→ **Extracted data**
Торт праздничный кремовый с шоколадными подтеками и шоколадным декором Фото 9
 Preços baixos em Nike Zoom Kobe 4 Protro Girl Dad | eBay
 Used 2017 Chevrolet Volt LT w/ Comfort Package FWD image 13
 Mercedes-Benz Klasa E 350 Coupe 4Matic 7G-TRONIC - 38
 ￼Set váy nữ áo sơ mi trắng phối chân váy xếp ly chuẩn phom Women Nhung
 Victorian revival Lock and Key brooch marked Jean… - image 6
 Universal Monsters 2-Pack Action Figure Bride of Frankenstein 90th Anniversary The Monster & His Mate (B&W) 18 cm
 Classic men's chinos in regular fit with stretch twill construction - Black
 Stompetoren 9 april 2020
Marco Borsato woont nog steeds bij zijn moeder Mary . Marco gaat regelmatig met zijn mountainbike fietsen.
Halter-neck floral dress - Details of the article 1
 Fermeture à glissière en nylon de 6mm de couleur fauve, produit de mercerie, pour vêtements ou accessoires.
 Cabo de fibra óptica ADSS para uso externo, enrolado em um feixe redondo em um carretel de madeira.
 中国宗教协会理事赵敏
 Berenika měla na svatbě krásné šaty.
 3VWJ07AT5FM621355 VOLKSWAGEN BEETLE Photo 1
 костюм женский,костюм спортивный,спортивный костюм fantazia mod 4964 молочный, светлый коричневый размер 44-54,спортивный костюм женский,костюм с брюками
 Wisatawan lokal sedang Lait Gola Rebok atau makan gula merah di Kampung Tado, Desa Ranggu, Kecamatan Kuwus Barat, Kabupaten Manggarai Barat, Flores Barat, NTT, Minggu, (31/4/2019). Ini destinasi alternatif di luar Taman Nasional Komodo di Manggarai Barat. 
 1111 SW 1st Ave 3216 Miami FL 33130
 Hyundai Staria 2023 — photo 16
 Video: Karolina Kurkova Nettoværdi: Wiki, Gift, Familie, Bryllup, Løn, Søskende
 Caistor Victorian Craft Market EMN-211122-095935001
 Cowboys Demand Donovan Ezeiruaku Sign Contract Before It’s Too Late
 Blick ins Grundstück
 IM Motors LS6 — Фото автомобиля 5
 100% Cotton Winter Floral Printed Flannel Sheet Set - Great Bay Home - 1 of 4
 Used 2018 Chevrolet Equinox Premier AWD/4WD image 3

→ **Goal of the exercise**
Copy the lines above exactly, starting with the line that contains "Used 2017 Chevrolet" and ending with the line that contains "3VWJ07AT5FM621355 VOLKSWAGEN BEETLE Photo 1", and leave out any pictures.

→ **Task output**
 Used 2017 Chevrolet Volt LT w/ Comfort Package FWD image 13
 Mercedes-Benz Klasa E 350 Coupe 4Matic 7G-TRONIC - 38
 Set váy nữ áo sơ mi trắng phối chân váy xếp ly chuẩn phom Women Nhung
 Victorian revival Lock and Key brooch marked Jean… - image 6
 Universal Monsters 2-Pack Action Figure Bride of Frankenstein 90th Anniversary The Monster & His Mate (B&W) 18 cm
 Classic men's chinos in regular fit with stretch twill construction - Black
 Stompetoren 9 april 2020
Marco Borsato woont nog steeds bij zijn moeder Mary . Marco gaat regelmatig met zijn mountainbike fietsen.
Halter-neck floral dress - Details of the article 1
 Fermeture à glissière en nylon de 6mm de couleur fauve, produit de mercerie, pour vêtements ou accessoires.
 Cabo de fibra óptica ADSS para uso externo, enrolado em um feixe redondo em um carretel de madeira.
 中国宗教协会理事赵敏
 Berenika měla na svatbě krásné šaty.
 3VWJ07AT5FM621355 VOLKSWAGEN BEETLE Photo 1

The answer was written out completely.